NYC To Pay $1B To Fix Public Housing: Report
Federal prosecutors are reportedly ordering New York City to pay $1B over the next four years to fix the city’s ailing public housing buildings.
A consent decree mandating the repairs will be signed in the coming days and a monitor appointed by the federal government will be overseeing the improvements, Politico reports. It is possible the costs will balloon in the coming years beyond the $1B the city is ordered to pay.
In 2015, the U.S. Attorney’s Office for the Southern District of New York began looking at the New York City Housing Authority's buildings. It found that the authority had neglected lead paint in apartments and failed to fix broken boilers, leaving residents without heating in one of the coldest winters on record.
Mayor Bill de Blasio has been weighing signing the decree for a few days, according to Politico. If he does sign it, NYCHA, which runs 2,417 buildings in 325 developments, will become his responsibility, rather that of the federal government.
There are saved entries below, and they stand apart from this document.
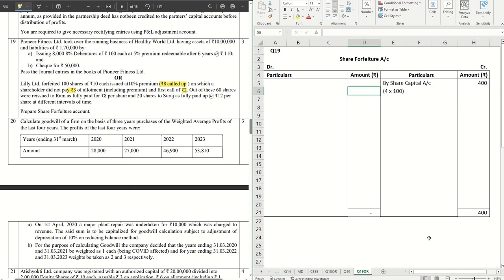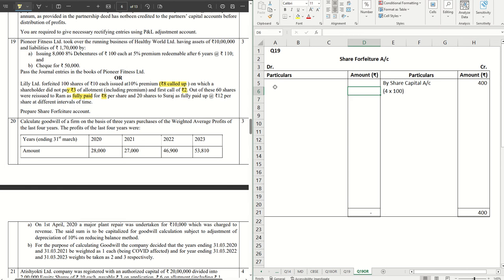The forfeiture entry is done. The rupees 1 premium which has not been received goes to Calls in Arrears — it does not come into Share Forfeiture. Out of these, 60 shares were reissued to Ram as fully paid at rupees 8 per share. Fully paid is very important here — these are shares of rupees 10 each being reissued at rupees 8, meaning a discount of rupees 2 per share. That discount is debited to Share Forfeiture Account and credited to Share Capital Account.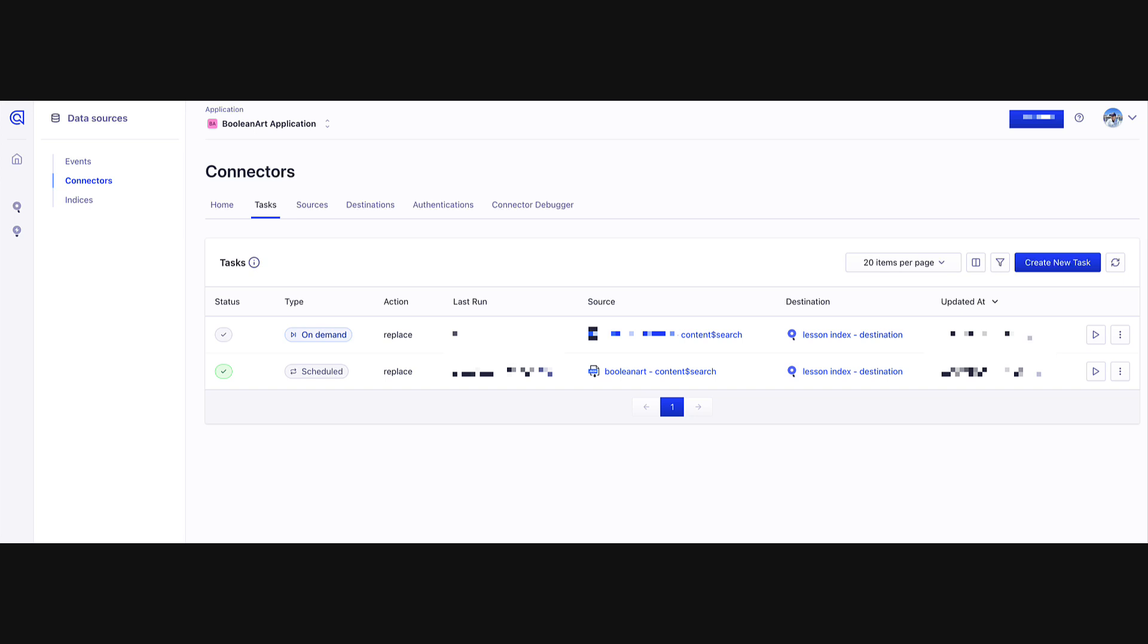These tasks can even be scheduled, and I have two tasks over here. The first one is on-demand, which takes my content from my local machine and pushes it to Algolia. And the second one, which is scheduled to run every day, picks it up from the production boolean.art.com and then does the same thing, placing it within the lesson index.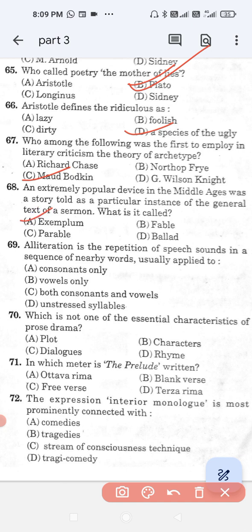Question number 69: Alliteration is the repetition of speech sound in a sequence of nearby words, usually applied to — option A, consonants only; option B, vowels only; option C, both consonants and vowels; and option D, unstressed syllables. The correct answer is option A — consonants only.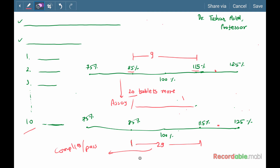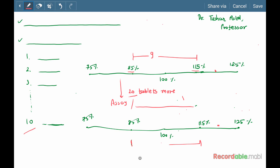Now consider another case: suppose instead of 29 tablets, only 28 tablets are within the limit of 85% to 115%, and one more tablet is below 85% but within 75%. In such a case, two units are outside the limit of 85% to 115%, which is not acceptable, and the tablet fails the test.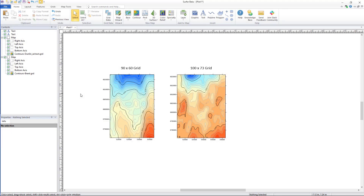Hello and welcome back to the Surfer new feature video series by Golden Software. Today we will be covering how to use the grid math or grid volume functions on grids with different grid geometry.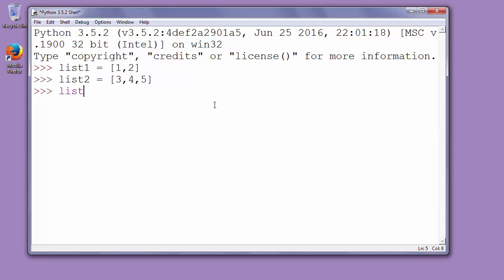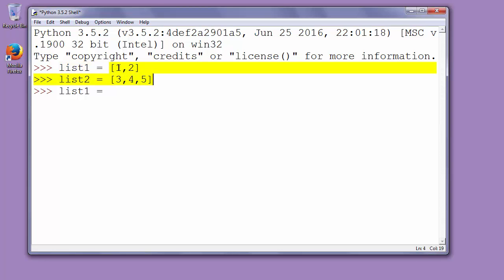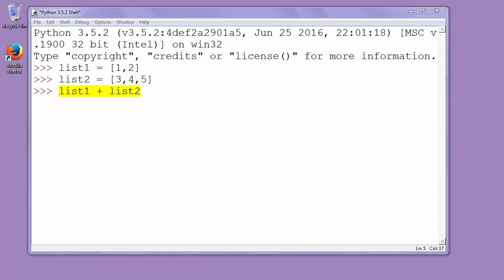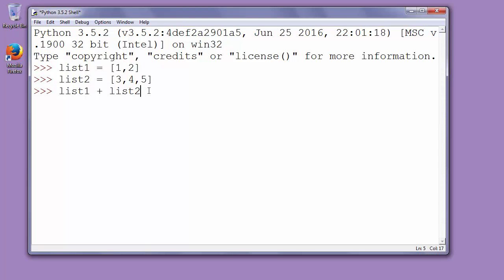if we want to add list 2 to list 1 and combine those two lists into one list, we could just use the plus operator to add one list to another. If we press enter, we'll see the result of combining our two lists.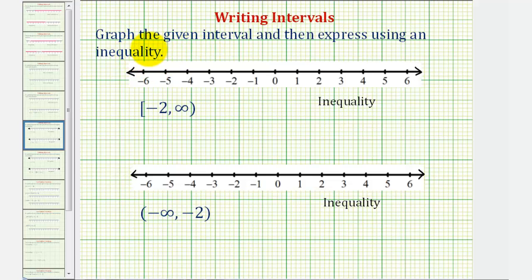Welcome to a lesson in which we'll be given several intervals expressed using interval notation and then asked to graph the interval and express the interval using an inequality.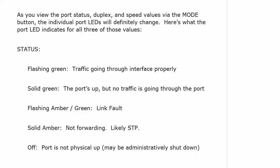Flashing amber to green means that we have some kind of link fault going on. That's very different from solid amber. And solid amber means the port is simply not forwarding. It's likely STP is causing that. There are other things that could cause it.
Public housing advocates have in the past described the housing system as at a “crisis point." Reports earlier this year pegged the cost of the required repairs at $25B.
The agency is mainly funded by the U.S. Department of Housing and Urban Development. HUD Secretary Ben Carson has faced criticism for reportedly suggesting tripling the minimum rent payment for residents of public housing projects from $50/month to $150/month, or increasing federally subsidized housing rents from 30% of a resident's adjusted income to 35% of gross income.
City Council member Ritchie Torres said the increased funding for the authority should not be dictated by the U.S. attorney.
"If NYCHA is legally independent of the city and if public housing is legally a federal program, on what basis can the U.S. Attorney compel the city to bear the cost of a consent decree on public housing?" he wrote First Deputy Mayor Dean Fuleihan last week, according to the publication.